The problem. Before you return the lines below, strip out any images and keep every word as written.

Records for the task.
##########

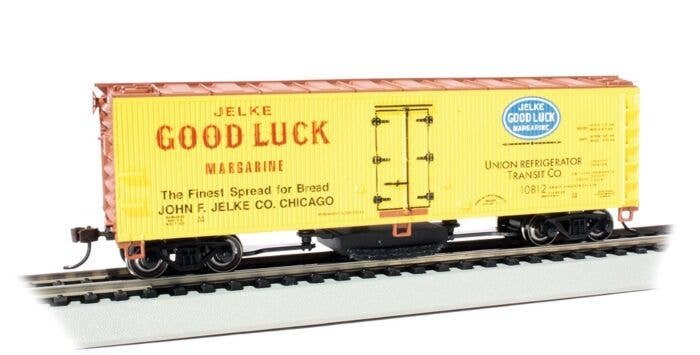 Track Cleaning 40′ Wood Reefer with Removable Dry Pad - Ready to Run -- Jelke Good Luck Margarine URTX 10812, HO, Bachmann Ind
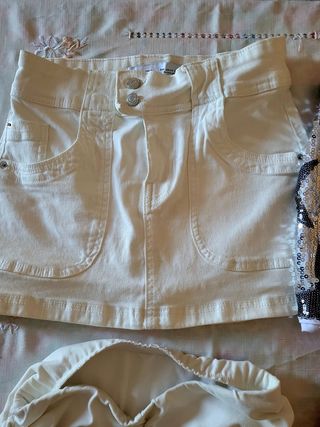 Conjunto de ropa plateado y blanco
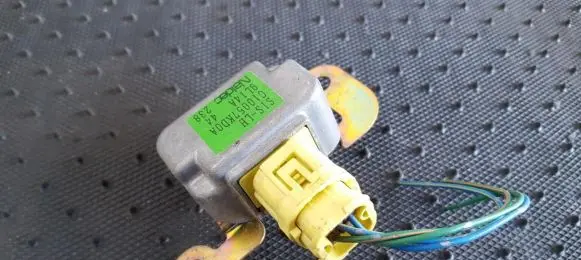 Mazda Premacy Airbag deployment crash/impact sensor C10057KD0A 9L14A44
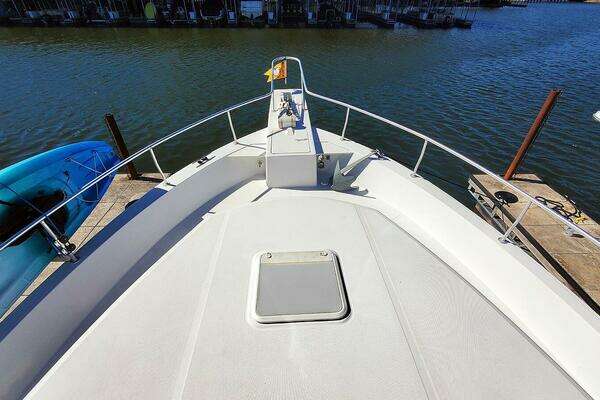 Mainship 430 Aft Cabin Yacht For Sale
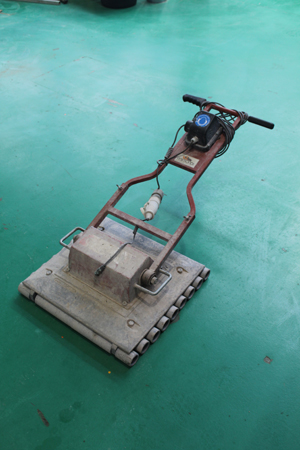 RODILLO VIBRADOR PARA BALDOSA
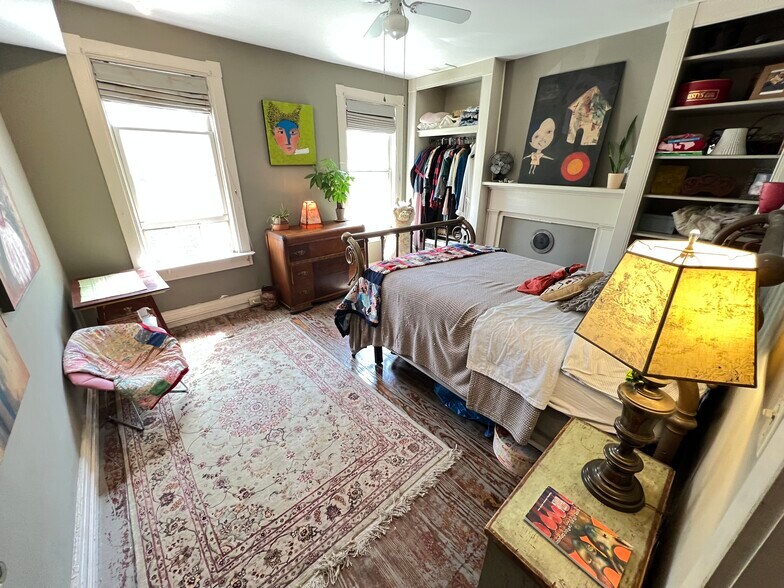 More Photos Of 1438-1442 Light St, Baltimore Showroom For Sale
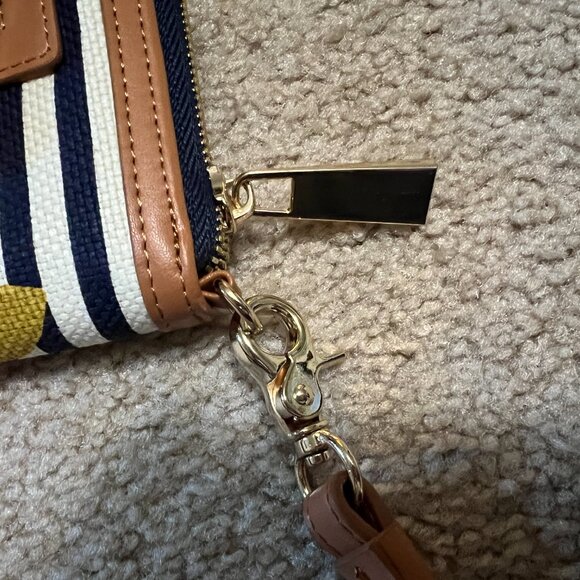 Spartina 449 Shelter Cove Wallet - Picture 5 of 7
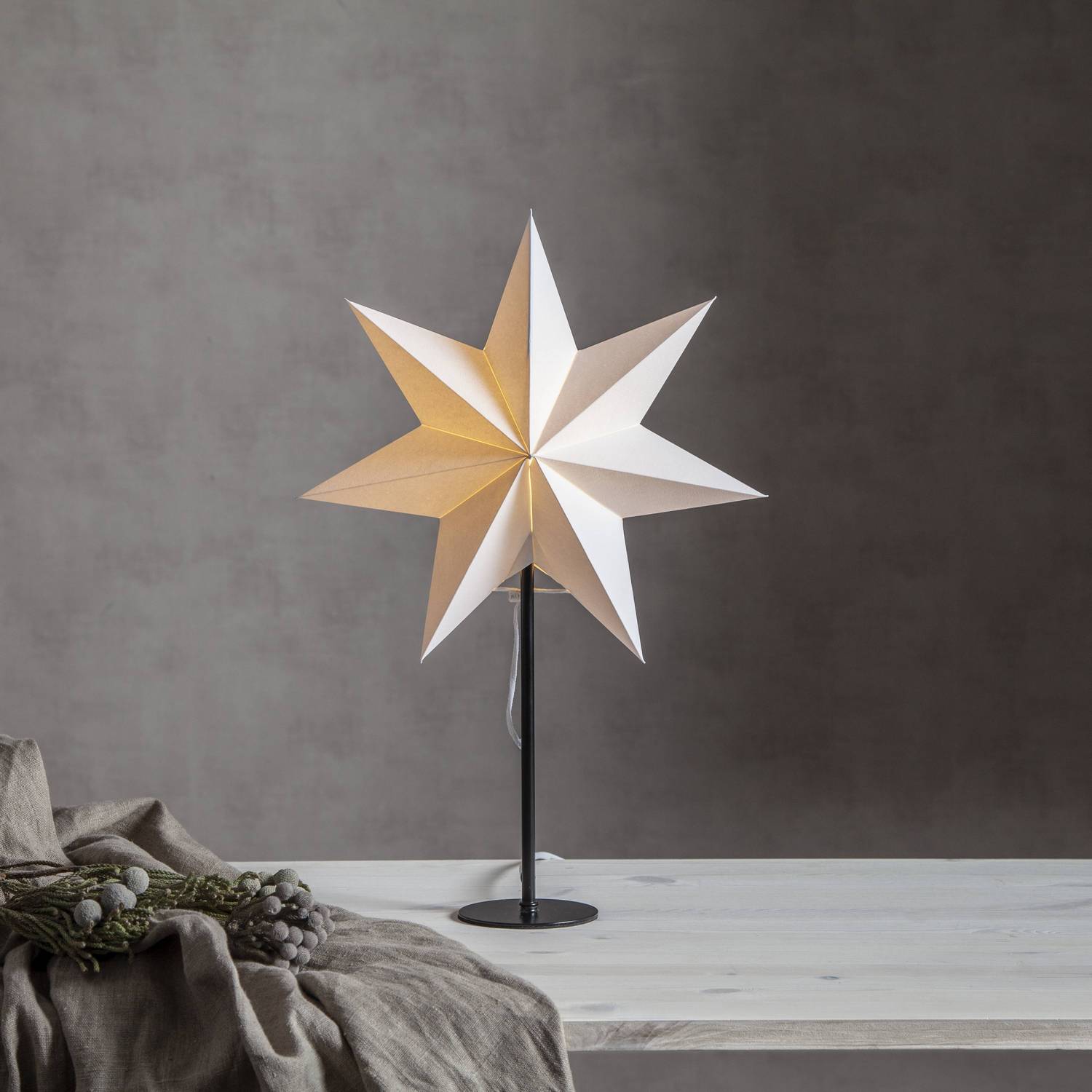 Adventsstjärna på Fot Star Trading Mixa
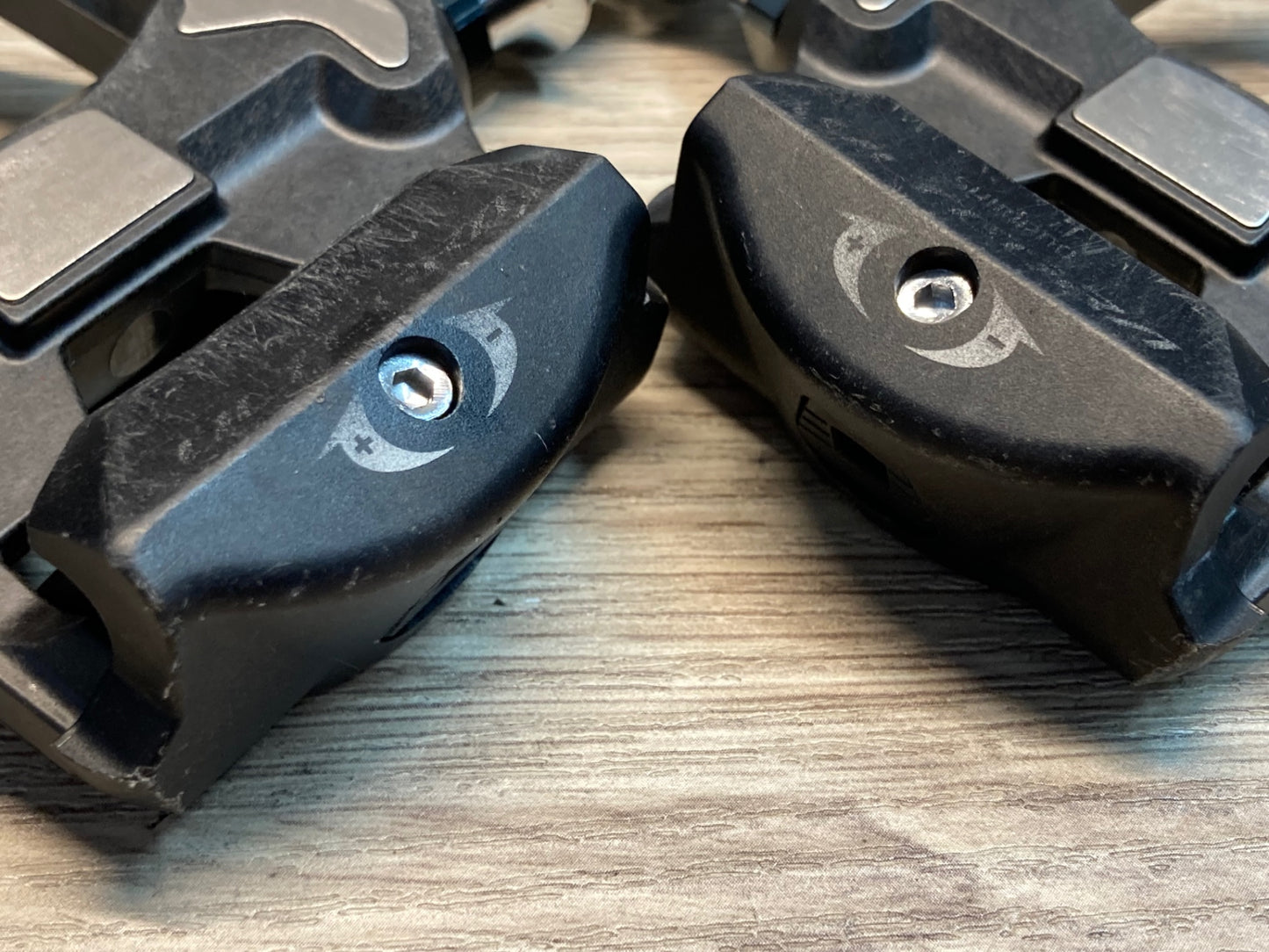 IX434 シマノ SHIMANO アルテグラ ULTEGRA PD-R8000 ビンディングペダル SPD-SL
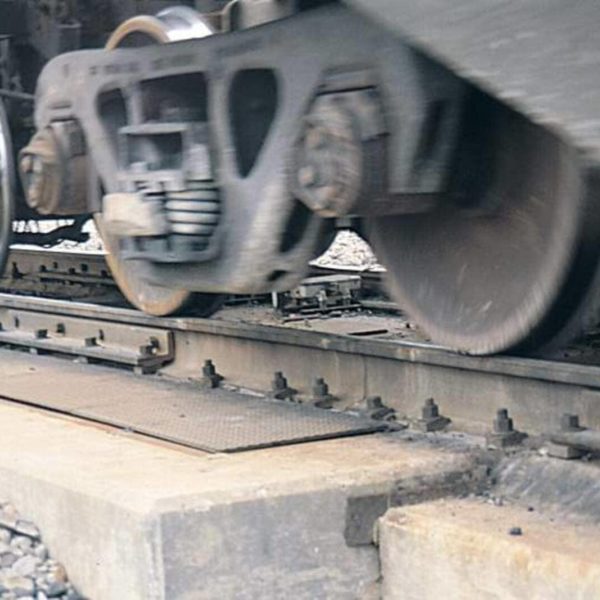 Rail scales on axles and wheels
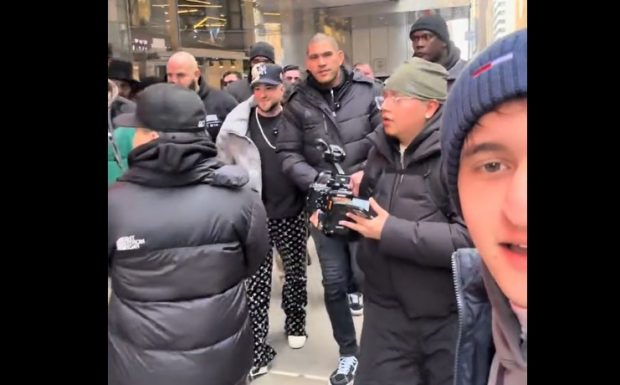 Român „lovit” de noroc pe stradă în SUA. Ce a primit după ce a ridicat mâna la un campion din UFC: „Avea datorie la tine”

##########

Response box.
 Track Cleaning 40′ Wood Reefer with Removable Dry Pad - Ready to Run -- Jelke Good Luck Margarine URTX 10812, HO, Bachmann Ind
 Conjunto de ropa plateado y blanco
 Mazda Premacy Airbag deployment crash/impact sensor C10057KD0A 9L14A44
 Mainship 430 Aft Cabin Yacht For Sale
 RODILLO VIBRADOR PARA BALDOSA
 More Photos Of 1438-1442 Light St, Baltimore Showroom For Sale
 Spartina 449 Shelter Cove Wallet - Picture 5 of 7
 Adventsstjärna på Fot Star Trading Mixa
 IX434 シマノ SHIMANO アルテグラ ULTEGRA PD-R8000 ビンディングペダル SPD-SL
 Rail scales on axles and wheels
 Român „lovit” de noroc pe stradă în SUA. Ce a primit după ce a ridicat mâna la un campion din UFC: „Avea datorie la tine”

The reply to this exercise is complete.